REQUIRED WORK: Find the line with "Supporters of the" in the entries below, then reproduce it and every line after it down to and including the line with "Jar of antioxidant", exactly.

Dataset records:
================================

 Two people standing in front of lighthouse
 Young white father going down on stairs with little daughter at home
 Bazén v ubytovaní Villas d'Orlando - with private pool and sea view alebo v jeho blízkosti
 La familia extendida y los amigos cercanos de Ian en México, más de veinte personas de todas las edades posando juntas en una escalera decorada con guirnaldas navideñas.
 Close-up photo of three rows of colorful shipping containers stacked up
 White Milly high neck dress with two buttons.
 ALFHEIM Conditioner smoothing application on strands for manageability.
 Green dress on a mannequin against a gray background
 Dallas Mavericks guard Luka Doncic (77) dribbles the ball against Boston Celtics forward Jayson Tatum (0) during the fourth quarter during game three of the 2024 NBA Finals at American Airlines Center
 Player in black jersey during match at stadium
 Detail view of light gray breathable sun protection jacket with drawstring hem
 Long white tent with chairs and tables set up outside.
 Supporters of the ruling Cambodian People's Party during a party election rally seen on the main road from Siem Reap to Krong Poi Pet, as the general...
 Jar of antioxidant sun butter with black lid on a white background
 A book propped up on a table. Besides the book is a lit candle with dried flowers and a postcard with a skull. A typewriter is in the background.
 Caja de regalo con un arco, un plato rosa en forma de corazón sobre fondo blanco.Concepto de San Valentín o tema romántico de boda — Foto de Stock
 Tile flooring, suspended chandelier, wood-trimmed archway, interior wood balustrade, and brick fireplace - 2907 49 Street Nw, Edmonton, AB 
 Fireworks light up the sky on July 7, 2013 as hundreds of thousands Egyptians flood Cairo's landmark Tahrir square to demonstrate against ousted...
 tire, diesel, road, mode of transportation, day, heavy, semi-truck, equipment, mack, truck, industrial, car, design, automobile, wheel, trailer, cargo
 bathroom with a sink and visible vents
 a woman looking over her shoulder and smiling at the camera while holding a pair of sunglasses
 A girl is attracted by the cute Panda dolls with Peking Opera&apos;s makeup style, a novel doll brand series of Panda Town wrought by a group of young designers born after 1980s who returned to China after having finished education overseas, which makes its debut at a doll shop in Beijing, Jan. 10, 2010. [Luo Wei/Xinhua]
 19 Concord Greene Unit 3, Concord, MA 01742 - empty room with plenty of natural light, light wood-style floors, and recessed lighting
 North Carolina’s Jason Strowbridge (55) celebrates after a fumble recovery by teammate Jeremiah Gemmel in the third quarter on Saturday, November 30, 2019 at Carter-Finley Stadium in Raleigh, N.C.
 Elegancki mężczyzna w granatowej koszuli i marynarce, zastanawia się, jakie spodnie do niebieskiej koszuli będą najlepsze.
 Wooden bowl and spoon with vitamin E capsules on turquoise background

================================

RESULT FOR THIS EXERCISE:
 Supporters of the ruling Cambodian People's Party during a party election rally seen on the main road from Siem Reap to Krong Poi Pet, as the general...
 Jar of antioxidant sun butter with black lid on a white background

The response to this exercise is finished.